Holm Made Toffee got its start selling its homemade toffee at farmers markets in Central Oregon. Now, it ships thousands of pounds of toffee to both national and local vendors. Despite the company's growth, the toffee is prepared largely in the same way it was when the recipe was first created decades ago.
- Jack Harvel
"The only one thing that we have mechanized, since my mother-in-law started making this almost 40 years ago, is the kettle with the steering arm," said Randi Holm, owner and "chief toffee officer" at Holm Made Toffee.
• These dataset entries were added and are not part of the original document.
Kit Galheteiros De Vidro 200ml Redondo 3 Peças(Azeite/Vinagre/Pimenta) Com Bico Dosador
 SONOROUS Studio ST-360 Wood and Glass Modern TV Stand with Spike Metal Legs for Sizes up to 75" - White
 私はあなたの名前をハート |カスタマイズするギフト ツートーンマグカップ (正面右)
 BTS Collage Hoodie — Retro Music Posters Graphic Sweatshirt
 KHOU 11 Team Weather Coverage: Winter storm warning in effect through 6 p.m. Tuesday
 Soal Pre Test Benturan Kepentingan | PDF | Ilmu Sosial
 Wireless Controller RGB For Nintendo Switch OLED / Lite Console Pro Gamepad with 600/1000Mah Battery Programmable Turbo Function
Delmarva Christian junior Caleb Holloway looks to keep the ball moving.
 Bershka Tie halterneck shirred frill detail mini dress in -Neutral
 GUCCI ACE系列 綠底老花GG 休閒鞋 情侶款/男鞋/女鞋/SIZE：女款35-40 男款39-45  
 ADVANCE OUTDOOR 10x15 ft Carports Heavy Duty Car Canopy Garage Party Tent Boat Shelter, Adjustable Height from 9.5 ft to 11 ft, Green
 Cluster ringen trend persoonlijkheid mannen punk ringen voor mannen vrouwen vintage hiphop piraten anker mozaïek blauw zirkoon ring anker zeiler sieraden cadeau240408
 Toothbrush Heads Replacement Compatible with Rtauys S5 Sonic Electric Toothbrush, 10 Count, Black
That kettle heats up butter and sugar between 300-400 degrees that becomes the crunchy sweet toffee base that can then be topped to create any of Holm Made Toffee's 12 flavors. Holm said the kettle seemed too big when they first bought it, but now the machine is on from 8 am to 6 pm nearly every day. The toffee is made without any corn syrup, preservatives, soy or gluten. The result is a confectioner's dream, and the Original Hazelnut Toffee won the bronze medal in the toffee category of the 2020 International Chocolate Salon.
"We're never going to use corn syrup or cheap out and put fillers in there. I'd probably actually rather cease production rather than change the recipe that we've been using for so many decades," Holm said. "I think that's what really differentiates us is our quality ingredients sourced as locally as possible."
Holm always uses dark chocolate and hazelnuts as a base for nearly all of its toffees. Then the toffee is topped with things like marionberries, cardamom and vanilla, gingerbread and more to make distinct flavors.
- Jack Harvel
- Trays of toffee bound for local stores and more across the country.
"We like the flavor profile of the dark chocolate with the sweetness of the sugar. And then hazelnuts have a little bit of natural bitterness to them. So we think that the dark chocolate lends itself well to the flavor," Holm said.
One might think the candy business is sweet, but Holm said she's had problems lately with supply chains and hiring that've disrupted several different industries. Butter is costing her about 70% more, chocolate was up over 40% last year and her orders of packaging have been delayed due to pulp shortages.
"We purchase as directly from the sources we can purchase as locally as we can, and try to cut out the middleman whenever possible and it's still just super costly and unsustainable," Holm said. "My big ask this year is to not just shop small during shop small Saturday or Black Friday week, just to make it more of a habit, or a lot of us won't be around in the years to come."
Holm Made Toffee is stocked in dozens of Central Oregon stores and in specialty shops across the country. The treat has even made it all the way to North Pole, Alaska — the town, not the northernmost point of the planet.